St. Vincent, umano, troppo umano. Quasi santo
La bontà è come i soldi. Chi la “possiede” davvero non ha bisogno di ostentarla. Anzi, a volte addirittura la camuffa sotto strati di ruvida diffidenza. Qualcuno ha bisogno di aiuto? Puoi dare una mano, certo, ma con moderazione. Perché, se il prossimo tenta di rovesciarti addosso l’intera sequenza di catastrofi che gli sono capitate, meglio mettere subito in chiaro le cose. “Non voglio sentire tutta la storia”, come ama ripetere Vincent (Bill Murray), protagonista di St. Vincent, il film di Theodor Melfi in sala in questi giorni.
Vincent è un burbero che si divide (più o meno equamente) tra l’alcool, le scommesse e una signora della notte di nome Daka (Naomi Watts). Il suo coinquilino è il gatto Felix, che per ovvi motivi spicca subito all’occhio di chi entra in casa. Tra i pochi “fortunati” c’è Oliver (Jeaden Lieberher), il figlio della nuova vicina di casa Maggie (Melissa McCarthy). Tra di loro non è certo simpatia al primo sguardo, ma dopo che l’uomo accetta di fare da babysitter al ragazzino, ovviamente dietro compenso, per una sorta di “effetto domino” i loro giorni prendono un corso imprevisto.
Così, tra barlumi di umanità inattesa, lezioni di vita non convenzionali e dolori silenziosi, ognuno rimette in discussione quel che credeva di sapere su di sé e sul mondo circostante. E anche se non è detto che i loro destini si incroceranno di nuovo, di sicuro avranno imparato che non si può dare niente per scontato, se qualcuno è riuscito a “vedere” la santità in Vincent.
Il film di Theodor Melfi è certamente una commedia natalizia, e rispetta fedelmente tutti i canoni della categoria. Buoni sentimenti, dolori e ostacoli da superare, e un rapporto d’amicizia destinato a cambiare entrambi. St. Vincent onora uno a uno gli archetipi del genere, ma non rinuncia ad avere un’anima.

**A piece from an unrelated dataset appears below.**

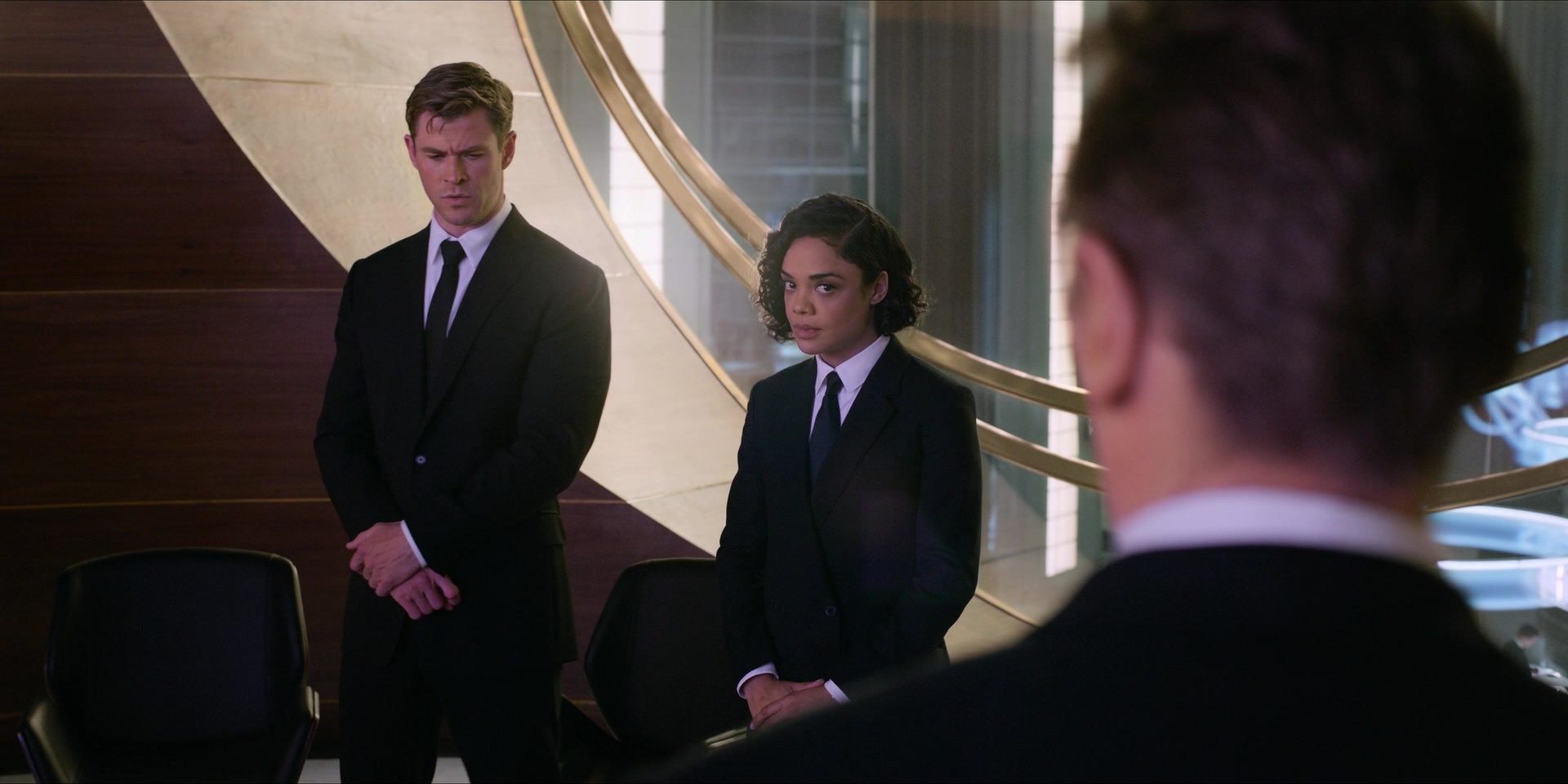 Men in Black International (2019), wide, 2.00:1 — film still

E in questo caso, è quella che emana lo sguardo spigoloso eppure malinconico di Bill Murray, a cui fa da contraltare quello morbido ma non meno amaro di Melissa McCarthy.

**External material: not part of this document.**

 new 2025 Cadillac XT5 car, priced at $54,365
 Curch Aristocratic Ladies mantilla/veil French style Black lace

“Un santo è un essere umano che onoriamo per i sacrifici che fa e per il suo impegno nel rendere il mondo un posto migliore”, spiega il maestro di religione a Oliver. Un santo è prima di tutto una persona, e in quanto tale ha dei difetti, fa sbagli, e compie peccati. Ed è proprio questo che avvicina i suoi piccoli e grandi gesti di bontà. Li rende tangibili e significativi. E l’unica santità degna di questo nome è quella di cui è imbevuta la quotidianità.